Valentina Fumo 11 anni fa

Devi essere felice e devi essere perfetta: mai troppo stanca, mai troppo poco sorridente, mai troppo trascurata. E invece, no: tante donne si sentono inadatte al privilegio di essere madri, divise fra la responsabilità verso un nuovo essere umano totalmente dipendente da loro e la paura di non essere più se stesse.

Non si riconoscono più perché la gravidanza le lascia con un corpo cambiato troppo velocemente e con il peso del senso di colpa per quel sentimento in bilico fra l’amore totale e il rifiuto per il proprio bambino.

Vivono un’ambivalenza e una aggressività inespressa che non riescono a confessare a nessuno perché la vergogna e la paura di essere giudicate indegne come madri è troppo grande e cadono in una condizione di depressione che è sempre esistita e su cui è doveroso rompere il silenzio.

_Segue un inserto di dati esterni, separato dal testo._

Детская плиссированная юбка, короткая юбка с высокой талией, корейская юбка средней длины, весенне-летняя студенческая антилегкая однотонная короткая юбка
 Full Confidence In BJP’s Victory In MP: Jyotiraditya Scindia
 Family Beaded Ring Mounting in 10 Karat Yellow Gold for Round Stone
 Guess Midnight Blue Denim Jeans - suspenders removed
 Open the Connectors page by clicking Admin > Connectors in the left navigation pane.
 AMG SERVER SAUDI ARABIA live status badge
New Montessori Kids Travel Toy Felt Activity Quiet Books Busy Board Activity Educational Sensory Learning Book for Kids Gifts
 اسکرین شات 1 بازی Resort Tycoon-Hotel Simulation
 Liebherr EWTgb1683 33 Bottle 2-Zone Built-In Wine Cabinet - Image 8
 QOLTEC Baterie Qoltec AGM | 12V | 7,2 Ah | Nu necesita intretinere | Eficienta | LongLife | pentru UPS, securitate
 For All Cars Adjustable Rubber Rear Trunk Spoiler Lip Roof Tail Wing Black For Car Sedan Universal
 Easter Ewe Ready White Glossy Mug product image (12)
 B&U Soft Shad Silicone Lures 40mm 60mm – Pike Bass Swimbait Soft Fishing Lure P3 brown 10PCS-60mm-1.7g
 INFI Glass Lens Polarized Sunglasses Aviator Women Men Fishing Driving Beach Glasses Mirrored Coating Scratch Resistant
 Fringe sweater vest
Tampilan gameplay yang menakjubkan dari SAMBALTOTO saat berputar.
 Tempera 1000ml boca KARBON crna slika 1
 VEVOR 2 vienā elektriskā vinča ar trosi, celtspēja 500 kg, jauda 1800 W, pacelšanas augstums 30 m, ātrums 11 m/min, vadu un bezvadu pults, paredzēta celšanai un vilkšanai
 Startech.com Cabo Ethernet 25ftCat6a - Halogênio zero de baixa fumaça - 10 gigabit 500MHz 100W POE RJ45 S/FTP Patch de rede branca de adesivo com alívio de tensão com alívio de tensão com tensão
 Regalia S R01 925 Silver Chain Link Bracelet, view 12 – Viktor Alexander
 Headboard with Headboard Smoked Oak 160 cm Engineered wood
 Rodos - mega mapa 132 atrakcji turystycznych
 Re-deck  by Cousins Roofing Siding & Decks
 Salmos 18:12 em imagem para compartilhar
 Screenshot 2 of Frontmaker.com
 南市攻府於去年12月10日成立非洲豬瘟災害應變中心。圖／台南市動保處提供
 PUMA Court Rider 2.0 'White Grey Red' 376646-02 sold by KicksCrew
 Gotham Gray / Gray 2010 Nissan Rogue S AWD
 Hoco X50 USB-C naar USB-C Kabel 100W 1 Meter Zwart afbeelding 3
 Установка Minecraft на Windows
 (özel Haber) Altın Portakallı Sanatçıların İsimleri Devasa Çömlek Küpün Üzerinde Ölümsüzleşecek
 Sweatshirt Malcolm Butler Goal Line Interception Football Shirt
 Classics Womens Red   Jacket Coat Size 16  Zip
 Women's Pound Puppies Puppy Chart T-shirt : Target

Proprio la depressione post partum è il tema del toccante e delicato Tutto parla di te, l’ultima opera di Alina Marazzi.

Nato dalla riflessione della stessa regista sulla sua esperienza come mamma, il film chiude idealmente il cerchio aperto dieci anni fa con Un’ora sola ti vorrei, il pluripremiato documentario che la Marazzi ha dedicato alla madre, Líseli Hoepli, prematuramente scomparsa.

In un centro torinese per la maternità, Pauline -interpretata da una magnifica Charlotte Rampling– sulla base di testimonianze e video raccolte dall’amica Angela, intraprende una ricerca sulle esperienze e i problemi delle mamme di oggi. Tra le donne che frequentano il Centro c’è Emma (Elena Radonicich), una ballerina bella e sfuggente che vive una profonda crisi. Tra le due donne si sviluppa un rapporto di silenziosa complicità che porterà Pauline a fare i conti con il proprio tragico passato e permetterà a Emma di ritrovarsi come madre e come individuo.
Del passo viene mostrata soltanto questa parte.